--- Aim of the task ---
Go through the records line by line from the top and repeat each one exactly, ending with the line that contains "ASTON MARTIN VANTAGE".

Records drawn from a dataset

---+---

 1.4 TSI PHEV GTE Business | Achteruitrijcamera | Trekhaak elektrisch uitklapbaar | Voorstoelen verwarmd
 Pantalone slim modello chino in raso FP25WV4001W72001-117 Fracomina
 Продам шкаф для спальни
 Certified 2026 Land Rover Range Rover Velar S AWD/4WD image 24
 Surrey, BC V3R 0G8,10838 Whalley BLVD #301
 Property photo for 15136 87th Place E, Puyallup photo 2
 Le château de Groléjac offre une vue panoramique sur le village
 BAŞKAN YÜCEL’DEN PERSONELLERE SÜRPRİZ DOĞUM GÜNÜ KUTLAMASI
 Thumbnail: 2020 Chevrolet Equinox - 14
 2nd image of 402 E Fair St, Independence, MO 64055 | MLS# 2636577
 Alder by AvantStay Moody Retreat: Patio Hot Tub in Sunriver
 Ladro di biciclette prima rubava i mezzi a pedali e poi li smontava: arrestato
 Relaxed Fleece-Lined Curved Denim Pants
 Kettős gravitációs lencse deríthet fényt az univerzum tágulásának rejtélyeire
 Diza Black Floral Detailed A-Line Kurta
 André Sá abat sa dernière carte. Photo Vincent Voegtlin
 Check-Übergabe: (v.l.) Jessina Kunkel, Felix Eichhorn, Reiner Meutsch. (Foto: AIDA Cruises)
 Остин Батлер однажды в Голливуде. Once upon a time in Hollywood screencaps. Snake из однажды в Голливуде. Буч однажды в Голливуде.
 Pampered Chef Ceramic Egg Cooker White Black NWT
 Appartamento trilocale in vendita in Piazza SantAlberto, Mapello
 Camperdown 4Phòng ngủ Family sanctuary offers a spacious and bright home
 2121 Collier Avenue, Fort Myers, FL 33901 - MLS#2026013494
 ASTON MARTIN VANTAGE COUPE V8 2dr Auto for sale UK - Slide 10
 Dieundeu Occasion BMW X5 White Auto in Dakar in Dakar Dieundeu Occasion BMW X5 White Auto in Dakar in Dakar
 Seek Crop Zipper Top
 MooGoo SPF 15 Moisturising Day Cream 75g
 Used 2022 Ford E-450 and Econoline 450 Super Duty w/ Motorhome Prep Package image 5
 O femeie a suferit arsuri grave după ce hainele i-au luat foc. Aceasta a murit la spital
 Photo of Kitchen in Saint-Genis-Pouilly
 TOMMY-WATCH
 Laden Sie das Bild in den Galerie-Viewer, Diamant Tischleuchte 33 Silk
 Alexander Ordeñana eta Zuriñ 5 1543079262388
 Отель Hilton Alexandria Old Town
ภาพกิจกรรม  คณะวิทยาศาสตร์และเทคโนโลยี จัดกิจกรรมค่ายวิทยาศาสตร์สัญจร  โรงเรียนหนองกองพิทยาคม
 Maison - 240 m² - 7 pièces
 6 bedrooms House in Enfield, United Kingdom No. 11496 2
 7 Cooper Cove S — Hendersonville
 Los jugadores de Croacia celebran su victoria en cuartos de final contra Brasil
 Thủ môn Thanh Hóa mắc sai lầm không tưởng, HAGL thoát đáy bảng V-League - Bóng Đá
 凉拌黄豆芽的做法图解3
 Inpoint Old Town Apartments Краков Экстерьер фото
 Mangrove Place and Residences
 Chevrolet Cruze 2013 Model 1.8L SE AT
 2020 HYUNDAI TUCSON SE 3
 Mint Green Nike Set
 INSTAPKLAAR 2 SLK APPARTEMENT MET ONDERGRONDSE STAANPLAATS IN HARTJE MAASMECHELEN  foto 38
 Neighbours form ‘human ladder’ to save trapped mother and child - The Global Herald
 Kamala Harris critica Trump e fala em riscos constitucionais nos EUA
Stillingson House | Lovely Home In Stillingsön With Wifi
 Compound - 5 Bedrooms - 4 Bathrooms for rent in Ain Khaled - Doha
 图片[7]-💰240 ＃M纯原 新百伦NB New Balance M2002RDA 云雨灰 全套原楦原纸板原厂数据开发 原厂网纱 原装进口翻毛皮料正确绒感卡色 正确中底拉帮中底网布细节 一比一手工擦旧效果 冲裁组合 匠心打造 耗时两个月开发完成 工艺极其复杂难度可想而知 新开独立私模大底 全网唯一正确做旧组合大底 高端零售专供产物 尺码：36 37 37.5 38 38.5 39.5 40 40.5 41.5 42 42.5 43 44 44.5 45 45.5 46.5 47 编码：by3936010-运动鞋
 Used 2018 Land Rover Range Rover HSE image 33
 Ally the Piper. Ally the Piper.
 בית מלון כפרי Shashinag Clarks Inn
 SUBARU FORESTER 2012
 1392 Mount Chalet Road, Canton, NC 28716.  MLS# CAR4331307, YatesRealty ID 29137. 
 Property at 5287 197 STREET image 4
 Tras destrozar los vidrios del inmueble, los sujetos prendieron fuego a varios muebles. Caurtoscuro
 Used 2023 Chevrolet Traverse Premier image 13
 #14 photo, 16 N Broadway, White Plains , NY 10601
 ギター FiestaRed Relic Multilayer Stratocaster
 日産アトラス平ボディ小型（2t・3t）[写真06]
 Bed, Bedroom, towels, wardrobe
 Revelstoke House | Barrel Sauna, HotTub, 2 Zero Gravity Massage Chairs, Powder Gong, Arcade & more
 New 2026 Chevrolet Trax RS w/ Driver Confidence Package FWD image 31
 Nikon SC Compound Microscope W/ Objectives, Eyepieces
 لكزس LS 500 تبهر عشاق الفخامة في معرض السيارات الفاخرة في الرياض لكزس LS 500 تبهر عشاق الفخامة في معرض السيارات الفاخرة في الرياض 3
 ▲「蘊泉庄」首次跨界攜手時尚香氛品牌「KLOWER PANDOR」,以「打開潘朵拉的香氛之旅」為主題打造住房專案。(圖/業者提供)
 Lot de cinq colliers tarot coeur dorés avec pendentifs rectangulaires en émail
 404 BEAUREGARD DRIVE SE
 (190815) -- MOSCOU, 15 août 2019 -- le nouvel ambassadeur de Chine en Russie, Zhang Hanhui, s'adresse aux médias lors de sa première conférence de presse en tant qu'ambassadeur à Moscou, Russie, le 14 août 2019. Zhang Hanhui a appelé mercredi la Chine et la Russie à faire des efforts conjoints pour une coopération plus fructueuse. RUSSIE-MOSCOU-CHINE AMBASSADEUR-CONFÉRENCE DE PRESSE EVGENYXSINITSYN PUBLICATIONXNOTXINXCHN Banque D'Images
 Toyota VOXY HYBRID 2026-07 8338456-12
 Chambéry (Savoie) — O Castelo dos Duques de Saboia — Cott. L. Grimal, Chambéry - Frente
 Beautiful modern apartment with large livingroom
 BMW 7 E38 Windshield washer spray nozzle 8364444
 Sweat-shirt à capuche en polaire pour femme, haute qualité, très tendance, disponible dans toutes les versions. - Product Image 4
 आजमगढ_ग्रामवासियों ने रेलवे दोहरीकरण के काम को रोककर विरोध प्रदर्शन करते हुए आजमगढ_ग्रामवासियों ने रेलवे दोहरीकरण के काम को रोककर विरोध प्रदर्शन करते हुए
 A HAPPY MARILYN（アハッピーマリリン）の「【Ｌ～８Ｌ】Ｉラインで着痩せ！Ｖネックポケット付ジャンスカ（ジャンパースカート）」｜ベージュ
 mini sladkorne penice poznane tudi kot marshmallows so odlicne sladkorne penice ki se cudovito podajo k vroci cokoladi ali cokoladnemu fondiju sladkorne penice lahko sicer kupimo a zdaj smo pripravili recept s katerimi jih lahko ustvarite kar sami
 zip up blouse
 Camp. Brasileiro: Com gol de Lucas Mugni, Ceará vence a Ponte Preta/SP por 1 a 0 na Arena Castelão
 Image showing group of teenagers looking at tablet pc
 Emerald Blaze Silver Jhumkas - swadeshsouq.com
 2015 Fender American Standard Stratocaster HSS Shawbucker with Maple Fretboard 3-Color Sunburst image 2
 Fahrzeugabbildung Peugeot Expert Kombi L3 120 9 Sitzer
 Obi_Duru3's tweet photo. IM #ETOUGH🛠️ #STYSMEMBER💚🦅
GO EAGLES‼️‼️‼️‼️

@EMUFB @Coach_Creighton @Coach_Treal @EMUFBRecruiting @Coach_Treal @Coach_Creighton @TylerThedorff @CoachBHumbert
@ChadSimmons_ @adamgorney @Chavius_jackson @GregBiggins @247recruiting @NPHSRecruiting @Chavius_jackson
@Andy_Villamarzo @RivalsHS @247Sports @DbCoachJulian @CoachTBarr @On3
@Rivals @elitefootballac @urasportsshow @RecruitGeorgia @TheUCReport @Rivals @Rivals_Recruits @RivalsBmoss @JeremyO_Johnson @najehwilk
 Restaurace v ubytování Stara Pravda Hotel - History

---+---

--- Reply ---
 1.4 TSI PHEV GTE Business | Achteruitrijcamera | Trekhaak elektrisch uitklapbaar | Voorstoelen verwarmd
 Pantalone slim modello chino in raso FP25WV4001W72001-117 Fracomina
 Продам шкаф для спальни
 Certified 2026 Land Rover Range Rover Velar S AWD/4WD image 24
 Surrey, BC V3R 0G8,10838 Whalley BLVD #301
 Property photo for 15136 87th Place E, Puyallup photo 2
 Le château de Groléjac offre une vue panoramique sur le village
 BAŞKAN YÜCEL’DEN PERSONELLERE SÜRPRİZ DOĞUM GÜNÜ KUTLAMASI
 Thumbnail: 2020 Chevrolet Equinox - 14
 2nd image of 402 E Fair St, Independence, MO 64055 | MLS# 2636577
 Alder by AvantStay Moody Retreat: Patio Hot Tub in Sunriver
 Ladro di biciclette prima rubava i mezzi a pedali e poi li smontava: arrestato
 Relaxed Fleece-Lined Curved Denim Pants
 Kettős gravitációs lencse deríthet fényt az univerzum tágulásának rejtélyeire
 Diza Black Floral Detailed A-Line Kurta
 André Sá abat sa dernière carte. Photo Vincent Voegtlin
 Check-Übergabe: (v.l.) Jessina Kunkel, Felix Eichhorn, Reiner Meutsch. (Foto: AIDA Cruises)
 Остин Батлер однажды в Голливуде. Once upon a time in Hollywood screencaps. Snake из однажды в Голливуде. Буч однажды в Голливуде.
 Pampered Chef Ceramic Egg Cooker White Black NWT
 Appartamento trilocale in vendita in Piazza SantAlberto, Mapello
 Camperdown 4Phòng ngủ Family sanctuary offers a spacious and bright home
 2121 Collier Avenue, Fort Myers, FL 33901 - MLS#2026013494
 ASTON MARTIN VANTAGE COUPE V8 2dr Auto for sale UK - Slide 10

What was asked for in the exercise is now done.